**Task input**
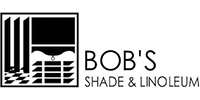 PV{name} Logo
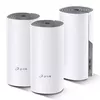 TP-LINK DECO E4(3-PACK) Photo 3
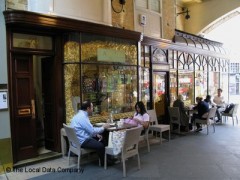 Laduree image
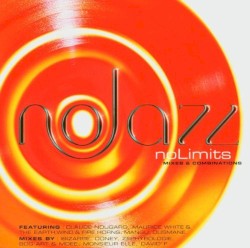 No Limits: Mixes & Combinations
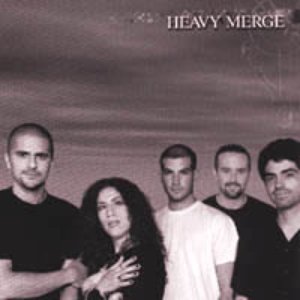 Heavy Merge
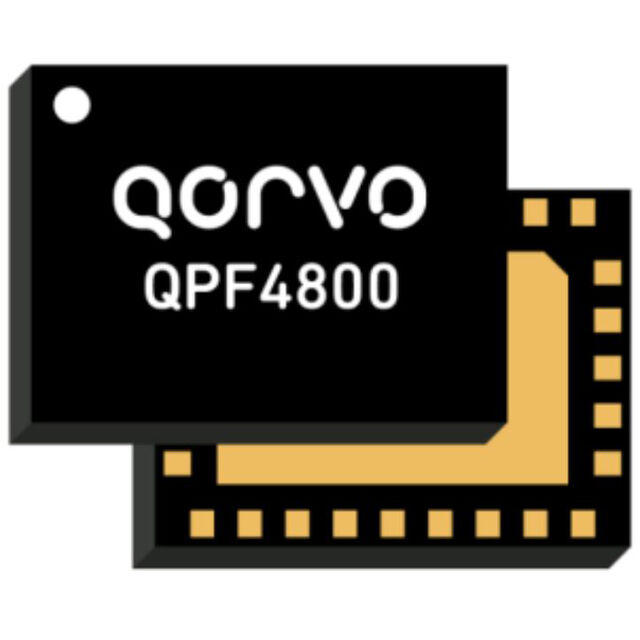 5+2GHZ DUALBAND WI-FI 6 FRONT EN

**Work instructions**
With pictures excluded, the lines running from the one containing "TP-LINK DECO E4(3-PACK) Photo 3" through the last line of the records above are to be restated exactly and in full.

**Your solution**
 TP-LINK DECO E4(3-PACK) Photo 3
 Laduree image
 No Limits: Mixes & Combinations
 Heavy Merge
 5+2GHZ DUALBAND WI-FI 6 FRONT EN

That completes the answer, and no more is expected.